INPUT DATA -
○ ○ ○ ○
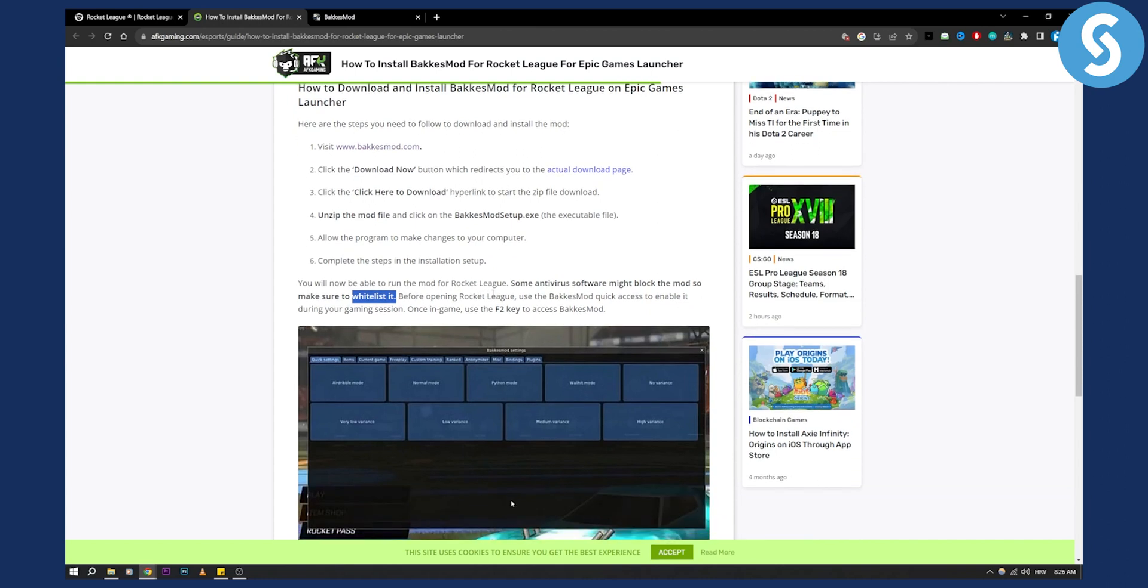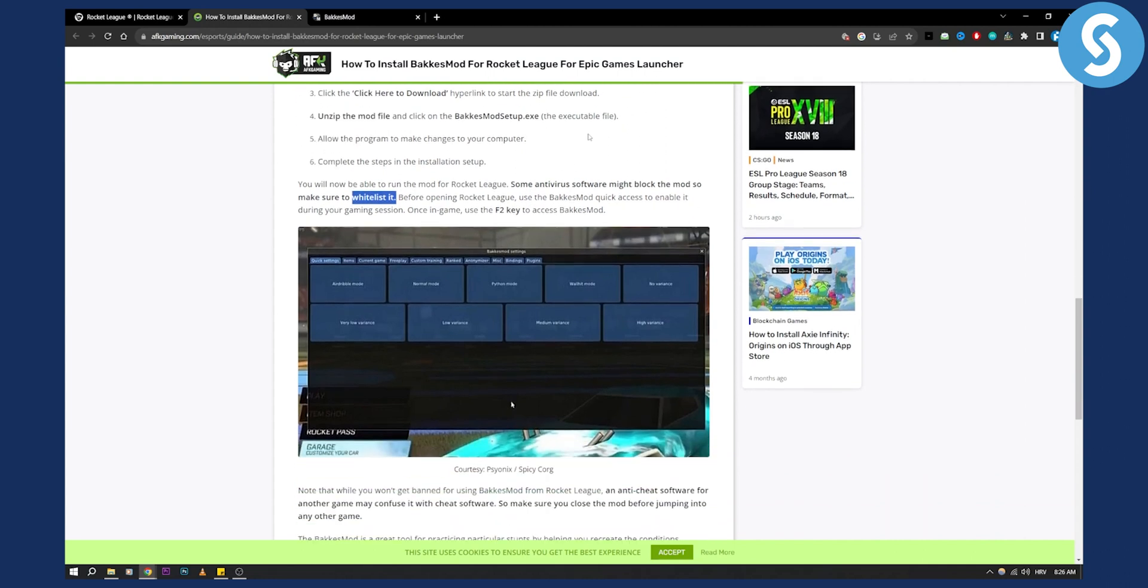Before opening Rocket League, use the BakkesMod quick access to enable it during your game session. Once in game, you can use the F2 key to access BakkesMod. That's how easy it is to use it.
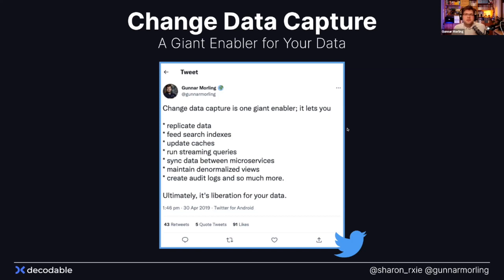There are many other interesting use cases. Maybe you work on an event-driven architecture where multiple microservices need to exchange data and keep different views of each other's data. CDC lets you implement patterns like the outbox pattern. Or you could use CDC for creating audit logs and enriching them with metadata. And of course, streaming queries — Apache Flink enables queries which are continuously updated — where the source is your data as it changes in your operational database.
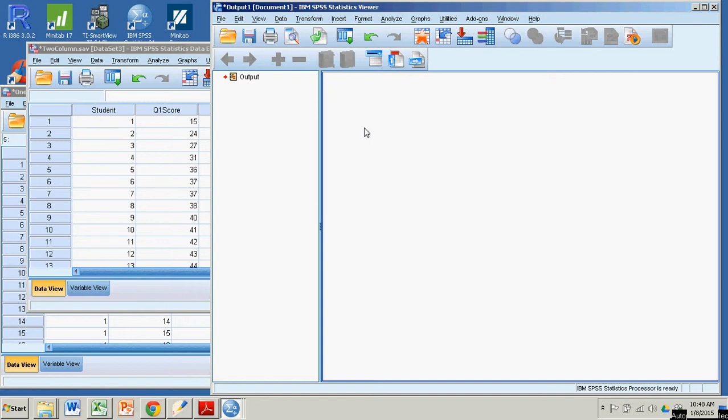Hi there. In this demonstration we'll see how to do box plots with SPSS. We'll show you how to do a single box plot and then side-by-side box plots depending on whether your data is in two columns or one column.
○ ○ ○ ○
REQUIRED WORK - Repeat all of the data above word for word, minus the pictures.

ANSWER TO THE PROBLEM -
Before opening Rocket League, use the BakkesMod quick access to enable it during your game session. Once in game, you can use the F2 key to access BakkesMod. That's how easy it is to use it.
There are many other interesting use cases. Maybe you work on an event-driven architecture where multiple microservices need to exchange data and keep different views of each other's data. CDC lets you implement patterns like the outbox pattern. Or you could use CDC for creating audit logs and enriching them with metadata. And of course, streaming queries — Apache Flink enables queries which are continuously updated — where the source is your data as it changes in your operational database.
Hi there. In this demonstration we'll see how to do box plots with SPSS. We'll show you how to do a single box plot and then side-by-side box plots depending on whether your data is in two columns or one column.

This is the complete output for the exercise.